ASSIGNMENT:
Find every line in the records below that contains "Photo", and copy it.

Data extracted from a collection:
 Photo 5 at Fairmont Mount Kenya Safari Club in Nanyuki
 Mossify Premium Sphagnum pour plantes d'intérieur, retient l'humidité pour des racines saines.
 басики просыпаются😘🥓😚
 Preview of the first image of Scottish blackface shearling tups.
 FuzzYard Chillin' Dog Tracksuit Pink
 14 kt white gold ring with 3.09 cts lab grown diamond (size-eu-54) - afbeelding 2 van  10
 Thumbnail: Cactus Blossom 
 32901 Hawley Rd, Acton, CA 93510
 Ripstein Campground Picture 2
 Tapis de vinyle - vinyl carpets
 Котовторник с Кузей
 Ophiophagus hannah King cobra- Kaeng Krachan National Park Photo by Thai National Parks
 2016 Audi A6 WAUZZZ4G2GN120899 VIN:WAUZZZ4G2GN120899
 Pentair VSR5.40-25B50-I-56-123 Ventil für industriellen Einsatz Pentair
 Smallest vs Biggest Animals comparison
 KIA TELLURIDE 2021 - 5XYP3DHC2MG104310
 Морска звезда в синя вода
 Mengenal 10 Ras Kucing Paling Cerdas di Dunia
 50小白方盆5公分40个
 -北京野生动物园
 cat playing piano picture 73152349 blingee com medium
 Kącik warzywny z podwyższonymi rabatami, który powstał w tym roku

SOLUTION:
 Photo 5 at Fairmont Mount Kenya Safari Club in Nanyuki
 Ophiophagus hannah King cobra- Kaeng Krachan National Park Photo by Thai National Parks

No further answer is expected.